Begitulah derita yang dialami sekitar 10.000 orang warga di Kecamatan Sajingan Besar (sering disebut Sajingan saja), Kabupaten Sambas, Provinsi Kalimantan Barat (Kalbar) yang berbatasan langsung dengan Malaysia.

Penetapan status Hutan Lindung dan Taman Wisata Alam yang datang belakangan di kawasan perbatasan negara itu, telah membuat masyarakat yang tinggal turun temurun selama ratusan tahun di 4 desa di Kecamatan Sajingan itu benar-benar menderita.

“Kita dikerangkeng, kita punya tanah dan rumah ratusan tahun, tetapi tidak punya hak milik. Kita numpang di negara sendiri karena status Hutan Lindung yang baru itu,” sesal Abelnus, salah seorang warga Sajingan, kepada Kalimantan Today belum lama ini.

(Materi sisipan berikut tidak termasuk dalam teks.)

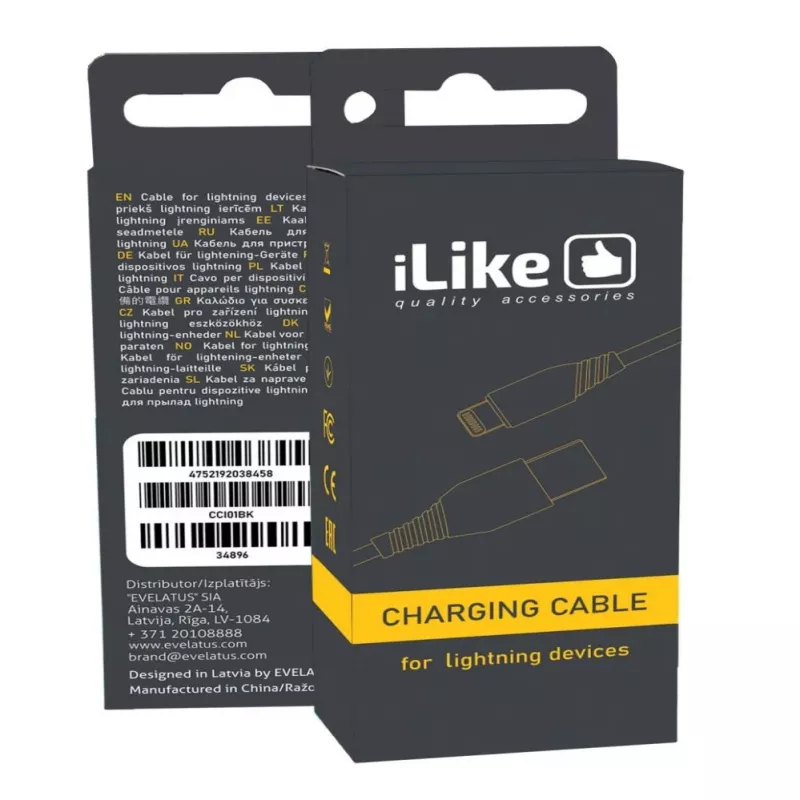 iLike Καλώδιο Φόρτισης για Συσκευές Lightning CCI01 Μαύρο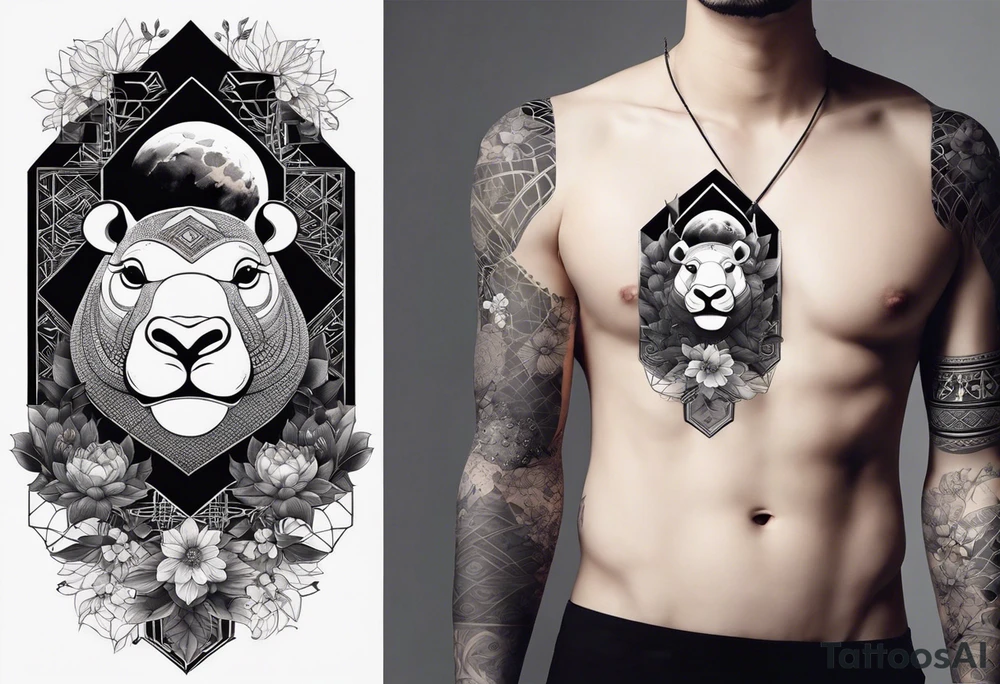 Very asymmetrical, +geometric pattern, with realistic full moon, with hippo, +zen feel, + Buddhism touch, +tribal, +geometric, +inkart , +blackwork
with wintersweet flower bud, +portrait orientation, +inkart touch, tattoo idea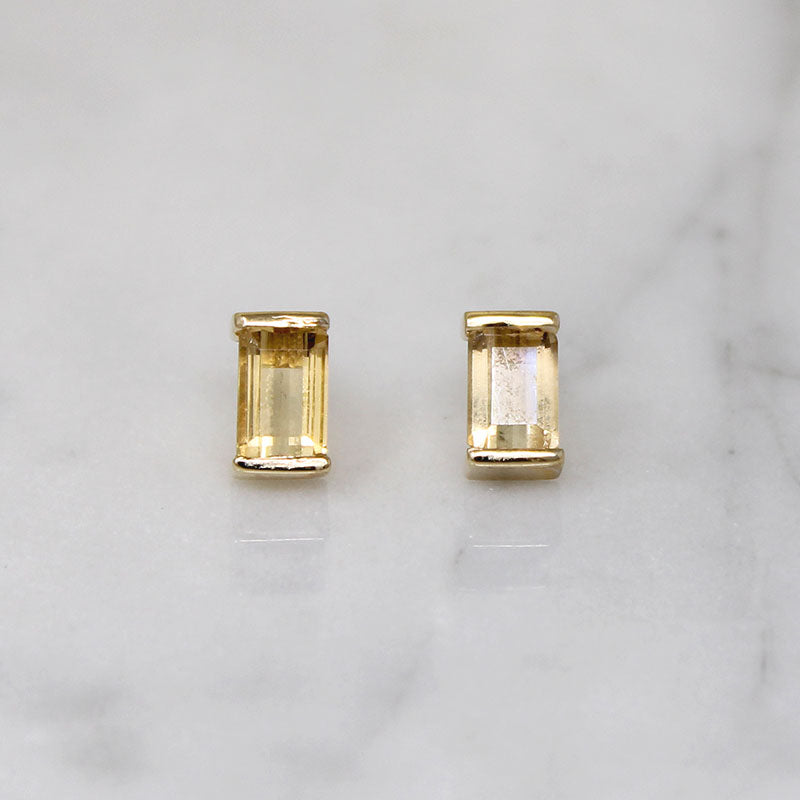 Emerald Cut Imperial Topaz Stud Earrings by 720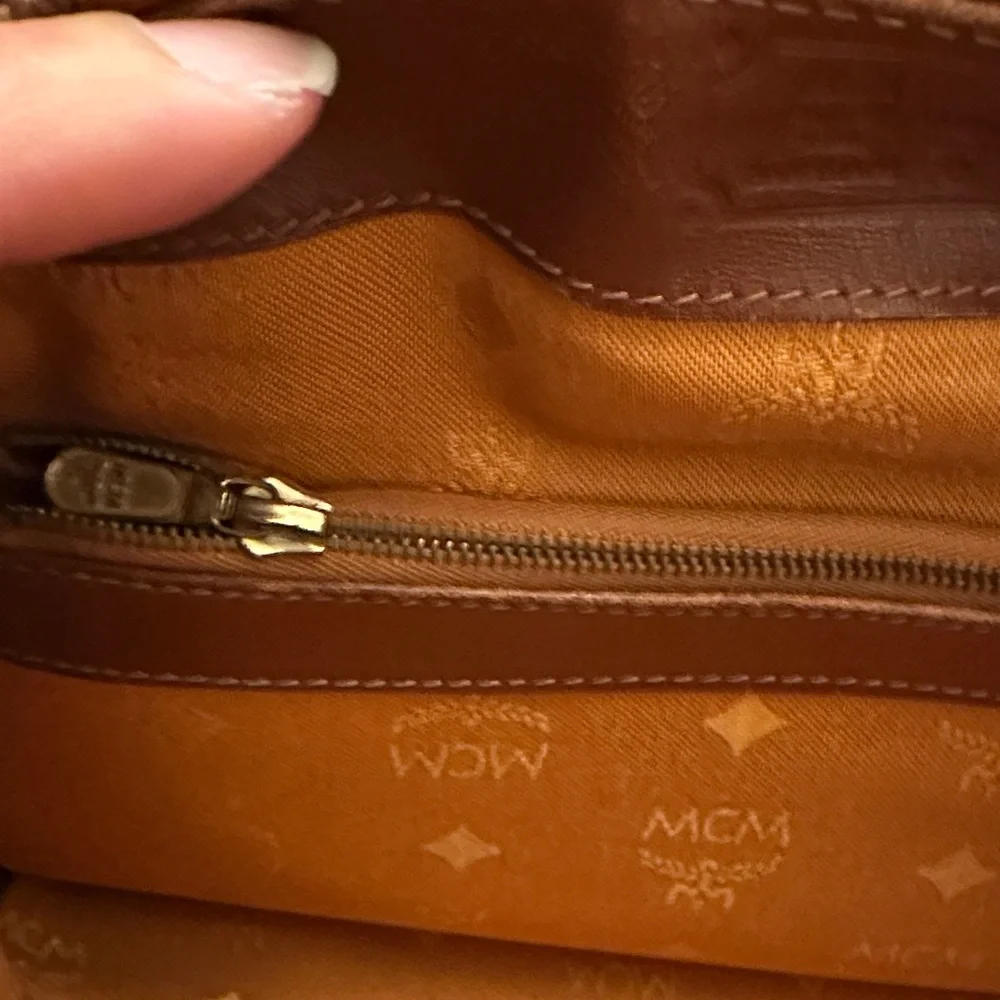 MCM Tan Monogram Satchel with Gold Accents - Picture 12 of 14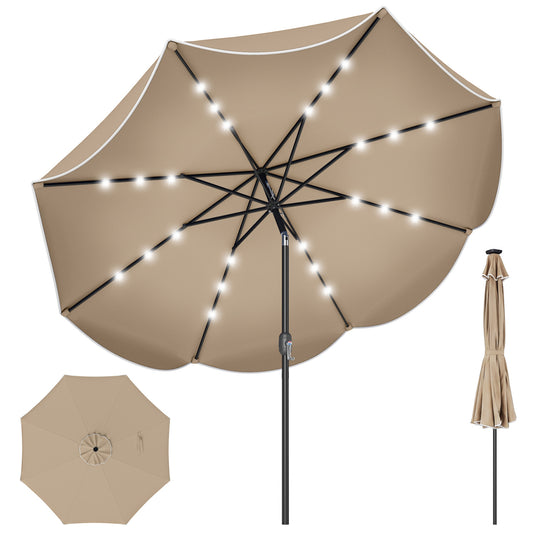 9 Ft Scalloped Solar Patio Umbrella With LED Lights, Tan Outdoor Umbrellas Tan at Gallery Canada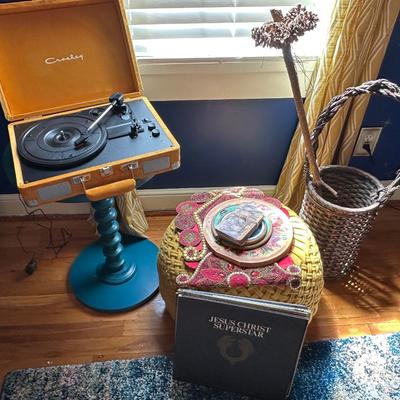 VINYL ALBUMS, CROSLEY RECORD PLAYER, POUF & MORE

Abelnus pun menjelaskan, di Kecamatan Sajingan Besar Kabupaten Sambas Provinsi Kalbar ini terdapat 5 desa, yakni:

  1. Desa Kaliau
  2. Desa Sebunga
  3. Desa Santaban
  4. Desa Senatab
  5. Desa Sungai Bening

Dari 5 desa di Kecamatan Sajingan ini, hanya Desa Sebunga yang tidak termasuk kawasan Hutan Lindung dan Taman Wisata Alam. Di desa inilah berdiri megah Pos Listas Batas Negara (PLBN) Aruk yang berbatasan langsung dengan Serawak, Malaysia.

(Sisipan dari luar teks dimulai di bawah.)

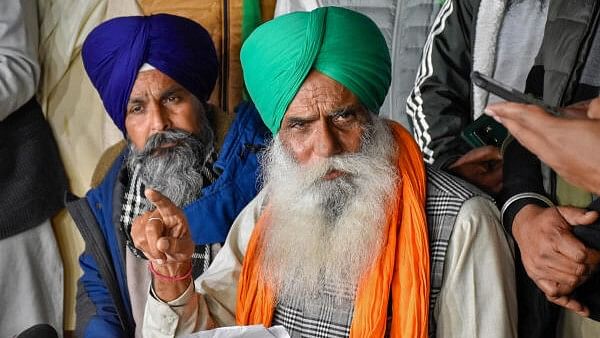 <div class="paragraphs"><p>Farmer leaders Sarwan Singh Pandher and Jagjit Singh Dallewal address the media at the Punjab-Haryana Shambhu border during the 'Delhi Chalo' protest march, in Patiala district.&nbsp;</p></div>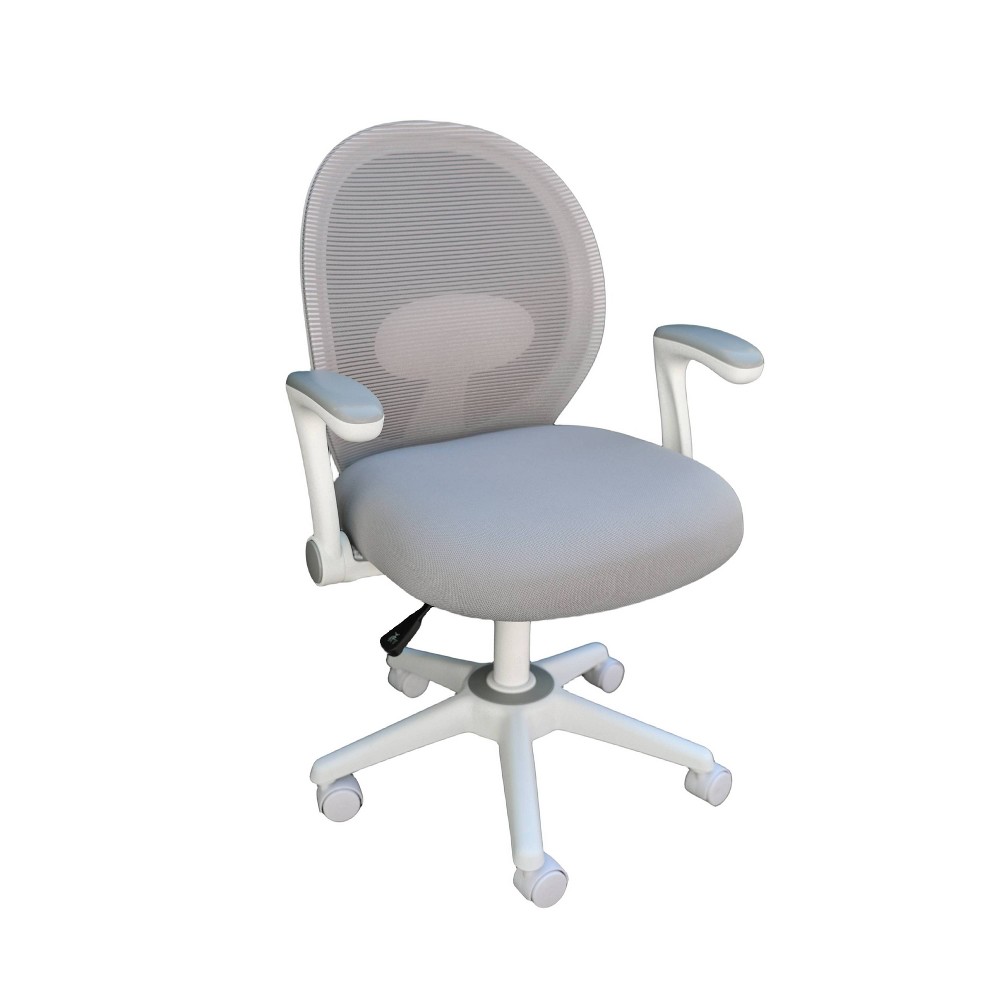 Boss Office Products Mesh Task Chair White: Ergonomic, Adjustable, Pneumatic Lift, Flip-Up Arms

PLBN Aruk di Desa Sebunga ini diresmikan Presiden Indonesia Joko Widodo (Jokowi) pada 17 Maret 2017 silam dan disebutnya sebagai pintu perbatasan negara dengan desain terbagus se-Indonesia.

Berbeda dengan Desa Sebunga, 4 desa lainnya di Kecamatan Sajingan yang dihuni sekitar 10.000 jiwa, masuk kawasan Hutan Lindung dan Taman Wisata Alam. “Termasuk pusat pemerintahan kecamatannya,” ungkap Abelnus.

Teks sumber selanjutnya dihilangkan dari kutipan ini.